We’ll answer all of these questions and more below in this new and updated version of our What is Plex? guide. Plex has added a host of new features since our last piece debuted two years ago, and the service has really cemented its place at the top of a competitive (and impressive) media server market. Here’s what you need to know.
What Is Plex?
At its core, Plex is a media server application. That means that it turns local content into streamable content: if you have some videos, photos, and other media on a desktop computer but want to view them on your iPhone, Plex can help you do that. You set up a Plex server on one device and download client apps to a bunch of others, and just like that, media that was once limited to a single device is now available everywhere you go.
Plex is the industry leader in the media server space. It’s the most established and feature-heavy of the media server applications, which is why we ranked it ahead of competitors like Emby and Serviio in our article on the best media server applications.
Plex is also a media center application – that is, a program that makes it easy to access your media. Plex acts as an organizer, content discovery tool, and portal to all of the content on your server – as well as to streamable content from outside of your personal collection. This latter feature comes courtesy of “channels,” or in-program apps.
In this sense, Plex is a bit like competitor Kodi (which is a media center application, but not – at least out of the box – a media server) and even platforms associated with devices, such as Roku and Fire TV OS. But because Plex is also a media server, none of these are direct competitors – in fact, Plex even has apps and plugins for Roku, Fire TV, and Kodi, so you can use it within those systems.
As mentioned, Plex offers channels that let you watch streaming content as well as your local stuff. The channels are created by volunteers, but Plex grants them official status, so Plex has largely avoided the piracy issues that have been such a headache for Kodi. There are channels for all kinds of streaming content, from Nickelodeon to South Park. There’s no channels for the major streaming services, tragically – but since Plex has apps for other media center platforms like Roku, it’s easy enough to enjoy both Plex and big-shot services like Netflix on the same device.
Plex’s platform support
Speaking of platform support, Plex excels there, too. Plex has accumulated a pretty robust list of supported devices and platforms. Among the highlights:
- Android TV (including Nvidia Shield)
- Apple TV
- Computers (there’s a Windows app and an in-browser app that works on other operating systems, including Mac OS)
- Fire TV
- Mobile (Android, iOS, and Windows Phone)
- PlayStation 4
- Xbox 360
Plex handles a ton of different types of media, including video (movies and TV shows as well as personal videos), music, photos, and even live TV (more on this in a moment). This content can be streamed to any device running the Plex app, including devices outside of your home network.

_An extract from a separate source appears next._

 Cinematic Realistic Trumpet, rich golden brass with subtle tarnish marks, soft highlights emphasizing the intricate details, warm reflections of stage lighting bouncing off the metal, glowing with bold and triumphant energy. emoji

Plex has grown its list of features a bit since the first iteration of our What is Plex? article. Among other things, they’ve added cloud storage. This means that your server can draw on content you add to one of several cloud storage services, rather than from a device of your own. While it’s easy to use everything from a desktop to a Raspberry Pi as a Plex server, it’s nice to use cloud storage instead and not have to worry about running a device 24/7. Plex supports Google Drive, Dropbox, and OneDrive.
Plex also supports live TV. Plex itself isn’t how you’ll get the live TV – you’ll need an antenna and a digital tuner for that. But if you connect the antenna and tuner to the device running your Plex server, Plex can take that live TV and put it on your server, enabling you to watch live TV anywhere you go. For instance, you can connect an antenna to your desktop computer, run a Plex server on it, and watch live TV on your iPhone.

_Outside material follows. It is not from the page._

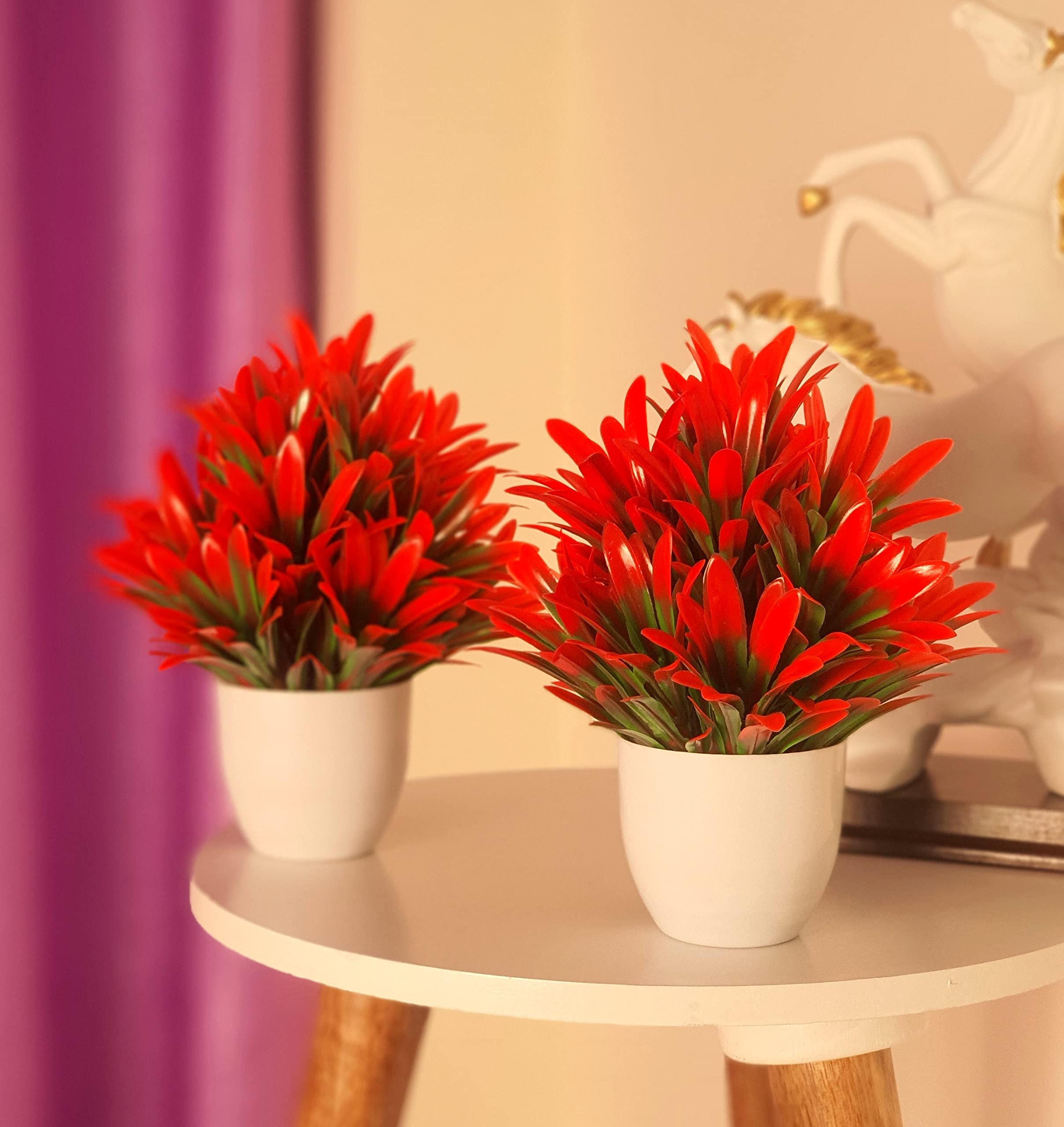 Litleo Set of 2 Artificial Potted Plants Potted Eucalyptus Plant for Home Office or Gift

Better still, Plex allows you to record this content in a cloud DVR. That means it’s easy to turn live over-the-air TV into on-demand streamable content.
Since over-the-air TV is free, of course, the only costs to worry about are the purchase prices of the antenna and tuner and the fee for Plex itself.
How much does Plex cost?
Speaking of Plex’s fees, here’s how they work:
Plex has a free version, which offers the basic functionality you’ll need to run a server in your home and watch your local content on a bunch of different devices. It’s quite useful, but it’s dwarfed by the premium version of Plex, called Plex Pass.
Plex Pass is, of course, a paid service. It will run you $4.99 a month or $39.99 a year. The annual plan is a better deal, and Plex die-hards can save still more by opting for the lifetime plan, which is $119.99.
The free version of Plex is perfectly serviceable, but the features that really put the competition to shame are mostly locked up behind the paywall. Live TV support, the cloud DVR, offline viewing, and integration with cloud services like Google Drive are all premium features. So are a host of minor perks, from lyrics for your music to special discount offers.